Would they be able to track me? 

Also in immigration would I have problems? I am taking a 3 month tourist visa. They might suspect how would I be able to stay 3 months when I work in another country?


----------



## UKMS (Jan 9, 2017)

manish41711 said:


> Would they be able to track me?
> 
> Also in immigration would I have problems? I am taking a 3 month tourist visa. They might suspect how would I be able to stay 3 months when I work in another country?


Your original post is 1 month stay now it’s 3 months ? 

The reality is if what you say is genuine (visiting your wife for 1month) you should be fine (unless of course you upset your wife ) if your question is not quite honest then depending on the circumstances, how long you stay and who you tell the risk goes up a bit. 

Regarding tracking .... could they track what you are doing - possibly ..... will they track what you are doing - very unlikely


----------



## rsinner (Feb 3, 2009)

manish41711 said:


> Would they be able to track me?
> 
> Also in immigration would I have problems? I am taking a 3 month tourist visa. They might suspect how would I be able to stay 3 months when I work in another country?


I am guessing your wife is sponsoring you (if your story is genuine) for the 3 month visa. You should be okay with immigration once you get the visa.


----------



## 1522610 (Jul 27, 2017)

rsinner said:


> I am guessing your wife is sponsoring you (if your story is genuine) for the 3 month visa. You should be okay with immigration once you get the visa.


My sponsor is a travel agent I normally use, not my wife. Would that be an issue?


----------



## 1522610 (Jul 27, 2017)

UKMS said:


> Your original post is 1 month stay now it’s 3 months ?
> 
> The reality is if what you say is genuine (visiting your wife for 1month) you should be fine (unless of course you upset your wife ) if your question is not quite honest then depending on the circumstances, how long you stay and who you tell the risk goes up a bit.
> 
> Regarding tracking .... could they track what you are doing - possibly ..... will they track what you are doing - very unlikely


Sorry, actually I started with 1 month because I just approximated it. Actually I might overshoot and be there for few days more so I just took a 3month visa to be safe. I am looking at maybe 40days, give or take, plus I would be on leave (& not working from home) for 15 days, so I would only be actually working for 25 working days.

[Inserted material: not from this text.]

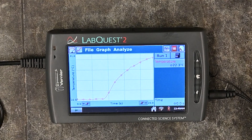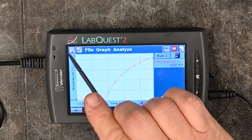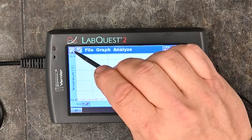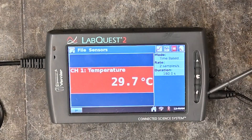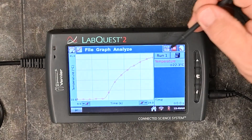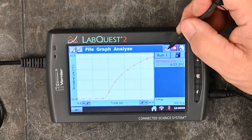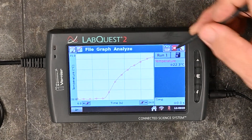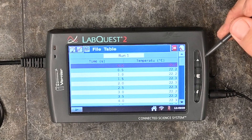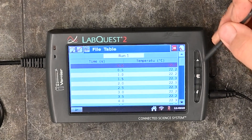You'll see that it auto-scales right away once you're done. The first tab at the top shows what is currently happening with the sensor. The second tab across the top is for the graph, and the next one is for the table, so if you want to look at your raw data you can do that there.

Have you ever heard of someone getting caught working remotely from home ever?


----------



## UKMS (Jan 9, 2017)

manish41711 said:


> Sorry, actually I started with 1 month because I just approximated it. Actually I might overshoot and be there for few days more so I just took a 3month visa to be safe. I am looking at maybe 40days, give or take, plus I would be on leave (& not working from home) for 15 days, so I would only be actually working for 25 working days.
> 
> Have you ever heard of someone getting caught working remotely from home ever?


If you keep yourself to yourself you should be fine.


----------